I have CUDA 8.0 and tensorflow 1.4 currently. What does this signify? Why is it showing ‘not found’ for some files above?

You are mixing two things here. This shows libdeepspeech's linkage. It has nothing to do with the TensorFlow python package you installed.

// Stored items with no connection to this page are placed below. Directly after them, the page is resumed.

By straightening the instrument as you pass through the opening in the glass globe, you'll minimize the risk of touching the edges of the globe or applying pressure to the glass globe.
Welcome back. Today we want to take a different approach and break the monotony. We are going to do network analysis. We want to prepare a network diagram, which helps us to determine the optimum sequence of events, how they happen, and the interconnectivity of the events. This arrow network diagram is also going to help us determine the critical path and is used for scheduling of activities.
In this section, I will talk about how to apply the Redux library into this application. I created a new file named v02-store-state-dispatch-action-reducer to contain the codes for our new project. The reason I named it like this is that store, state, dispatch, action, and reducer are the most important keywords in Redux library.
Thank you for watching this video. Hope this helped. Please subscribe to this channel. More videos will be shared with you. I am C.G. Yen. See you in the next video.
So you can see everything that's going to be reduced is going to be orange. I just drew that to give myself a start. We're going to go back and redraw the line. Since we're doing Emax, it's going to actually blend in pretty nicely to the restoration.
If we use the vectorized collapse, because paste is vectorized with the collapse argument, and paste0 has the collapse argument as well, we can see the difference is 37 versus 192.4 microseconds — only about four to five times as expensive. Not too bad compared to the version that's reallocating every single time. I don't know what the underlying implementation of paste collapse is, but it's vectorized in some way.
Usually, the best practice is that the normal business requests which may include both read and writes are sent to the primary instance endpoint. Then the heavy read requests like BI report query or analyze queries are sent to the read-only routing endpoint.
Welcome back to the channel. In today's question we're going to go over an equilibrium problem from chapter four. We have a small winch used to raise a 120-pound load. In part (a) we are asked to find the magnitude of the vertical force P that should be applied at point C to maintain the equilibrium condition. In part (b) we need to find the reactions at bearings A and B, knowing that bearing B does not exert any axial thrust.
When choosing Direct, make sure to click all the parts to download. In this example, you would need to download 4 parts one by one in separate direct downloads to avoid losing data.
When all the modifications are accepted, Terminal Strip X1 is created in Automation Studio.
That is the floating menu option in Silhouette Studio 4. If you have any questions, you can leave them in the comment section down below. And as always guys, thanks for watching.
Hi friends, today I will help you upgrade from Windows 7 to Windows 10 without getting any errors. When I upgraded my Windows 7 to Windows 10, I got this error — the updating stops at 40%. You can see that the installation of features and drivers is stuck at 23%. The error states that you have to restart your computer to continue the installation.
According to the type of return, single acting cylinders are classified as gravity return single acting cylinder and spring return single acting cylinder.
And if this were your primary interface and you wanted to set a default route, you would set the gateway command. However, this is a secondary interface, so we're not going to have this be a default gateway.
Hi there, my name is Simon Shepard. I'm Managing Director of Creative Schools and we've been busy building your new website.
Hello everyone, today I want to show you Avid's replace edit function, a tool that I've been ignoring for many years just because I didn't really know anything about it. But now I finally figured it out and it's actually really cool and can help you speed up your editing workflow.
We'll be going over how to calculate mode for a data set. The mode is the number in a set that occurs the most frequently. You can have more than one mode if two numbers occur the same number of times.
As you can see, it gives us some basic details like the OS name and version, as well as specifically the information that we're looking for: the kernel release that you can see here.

Just install CUDA 9.0 + CuDNNv7 locally and adjust LD_LIBRARY_PATH ?

Hi @pra978, I am also trying to train my model on Indian English accent, where did you get your Indian English datasets?
Thanks.

Indic tts iit madras data

Hi @pra978 how did the training with Indic TTS go? Did you train from zero or did you train from the officially released checkpoint?